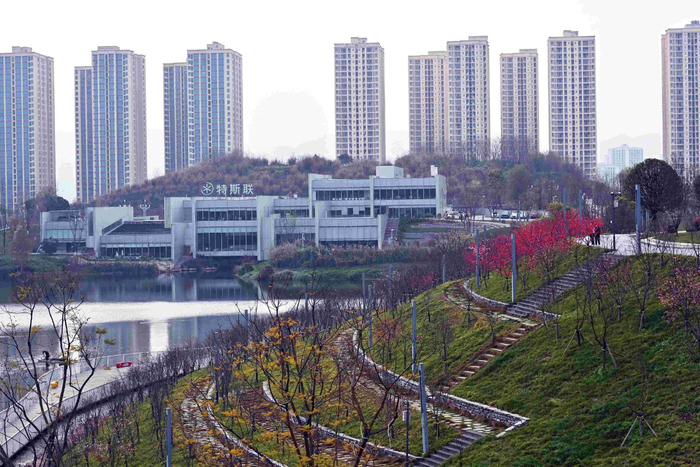 位于西部重庆科学城的凤鸣湖公园景观迷人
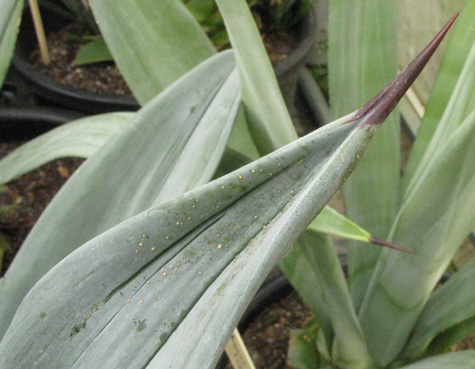 Palmaris Agave neglecta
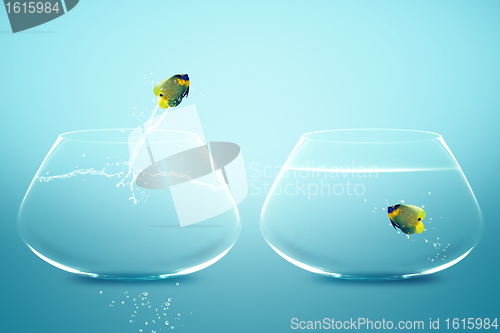 Image of Angelfish jumbing to other bowl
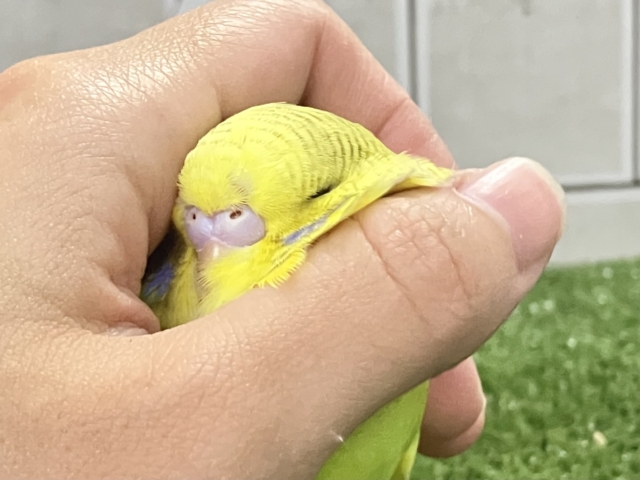 ジャンボセキセイインコ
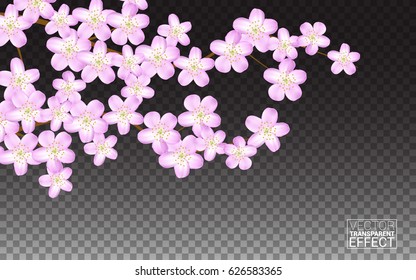 Pink sakura flowers petals. Blooming cherry on transparent background. Wallpaper wedding invitations greeting cards for spring sale holidays birthday. Vector illustration.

:: TASK ::
Would you please output the listing above exactly, leaving out the pictures?

:: RESPONSE ::
 位于西部重庆科学城的凤鸣湖公园景观迷人
 Palmaris Agave neglecta
 Image of Angelfish jumbing to other bowl
 ジャンボセキセイインコ
 Pink sakura flowers petals. Blooming cherry on transparent background. Wallpaper wedding invitations greeting cards for spring sale holidays birthday. Vector illustration.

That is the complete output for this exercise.